Giorgina Levi intervista, il 16 ottobre 1979, Renato Graziani presidente dell’ARCI di Novara.
Renato Graziani ricorda che, nell’immediato dopoguerra, la discussione nei due grandi partiti della sinistra, verteva sulla possibilità di democratizzare l’ENAL oppure di creare una propria organizzazione culturale. L’ARCI nacque ad opera di Alberto Jacometti (che fu per anni poi presidente dell’ARCI), Ciro Gastone e altri di cui non ricorda il nome, e venne pensato come uno strumento per salvaguardare i circoli, le case del popolo e le loro proprietà immobiliari. Segue una lunga digressione sull’esperienza circolistica nel comprensorio di Novara: nata alla fine del XIX secolo, ebbe, in quella zona, uno sviluppo notevole, garantendo luoghi di aggregazione e ricreazione anche nei piccoli centri di montagna. Durante la dittatura fascista, molte case del popolo furono distrutte ed altre assorbite dal Partito fascista, attraverso falsi atti di donazione, imperfetti e pertanto invalidati alla Liberazione. Nell’immediato dopoguerra i circoli tornarono a svolgere la loro funzione di aggregazione e ricreazione per operai e contadini della zona, luoghi di riunione per decidere azioni politiche e sindacali. Nella prima metà degli anni ’50, circoli e case del popolo dovettero affrontare una nuova sfida. Graziani ricorda che, durante la campagna elettorale della Legge truffa, furono chiusi dall’ENAL, nella sola provincia di Novara, 14 circoli con tutte le scuse possibili. In quegli anni invalse la regola che nei circoli e nelle case del popolo non potessero essere introdotti giornali di partito, ma solo La Stampa, La Gazzetta del Popolo e Tuttosport, regola cui la dirigenza dei circoli si attenne anche nei 10, 15 anni successivi, senza alcun motivo apparente. Ma, nonostante ciò, i circoli, soprattutto nel basso novarese, furono, negli anni 50, il fulcro della attività sindacale dei lavoratori agricoli: Graziani ricorda che in certi paesi il campanile suonava Bandiera Rossa e tutta la popolazione si riuniva nel circolo. L’ARCI nazionale venne fondato a Roma per iniziativa di comitato promosso dai circoli di Bologna, Firenze, Novara, Pisa e Torino. Graziani ricorda di aver organizzato, in quegli anni, assemblee in diversi circoli per convincere i compagni comunisti e socialisti ad abbandonare l’ENAL e aderire all’ARCI. Fu un momento piuttosto complesso perché l’ENAL era percepito come un luogo sicuro, capace di garantire continuità mentre l’ARCI costituiva una novità che non offriva grandi garanzie.

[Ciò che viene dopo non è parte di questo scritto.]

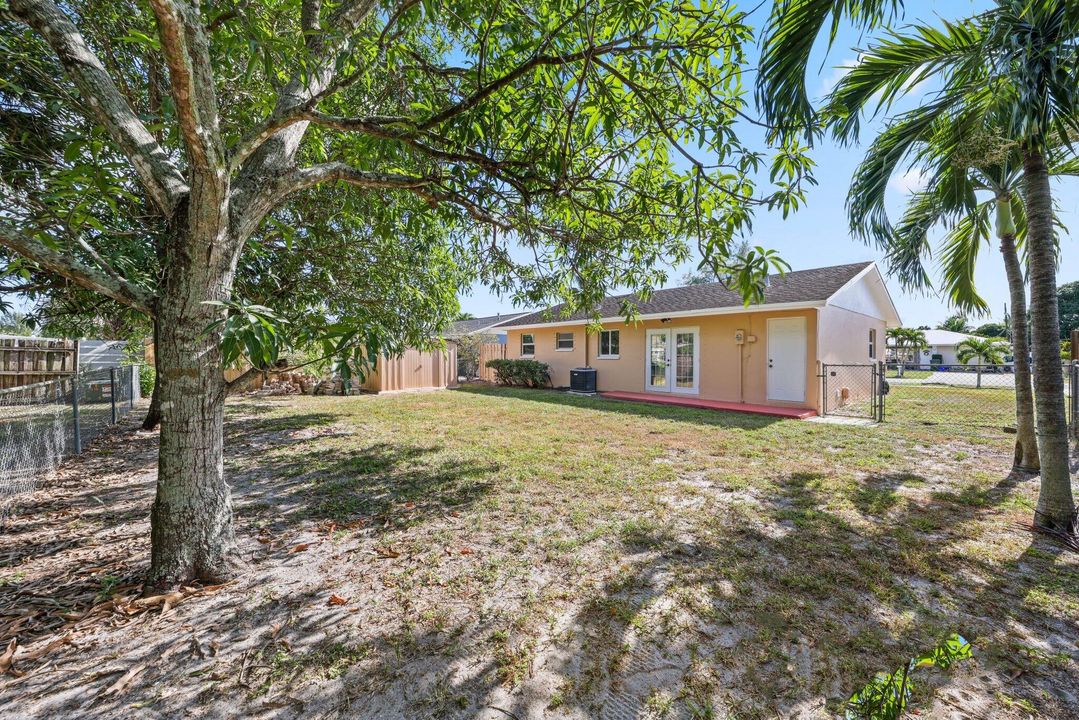 Active With Contract: $349,000 (3 beds, 1 baths, 1026 Square Feet)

Graziani presenta l’immagine dell’esperienza circolistica di Novara degli anni ’60: una realtà con numero di iscritti in aumento, in cui una dirigenza giovane si impegna con un grande lavoro di tipo volontario. Affronta poi il problema dei circoli aziendali, ancora molto legati all’ENAL, segnati da una mentalità dopolavoristica, con poca attenzione all’attività culturale e al territorio. Segnala inoltre che questo tipo di circoli, presenti solo nelle grandi aziende, costituiscono di fatto un elemento discriminatorio tra i lavoratori.
Giordani parla quindi del CTO, organismo unitario, sorto una decina di anni prima per iniziativa di ARCI, ACLI e ENDAS, con la volontà di costruire delle iniziative unitarie. Delinea infine la struttura dell’Arci in Piemonte, in cui il territorio è suddiviso in 14 zone, con una presenza di circoli non omogenea: la zona di Novara conta 75 circoli ARCI, oltre a quelli di altre federazioni. In altre province (ad esempio Cuneo) la situazione è molto diversa.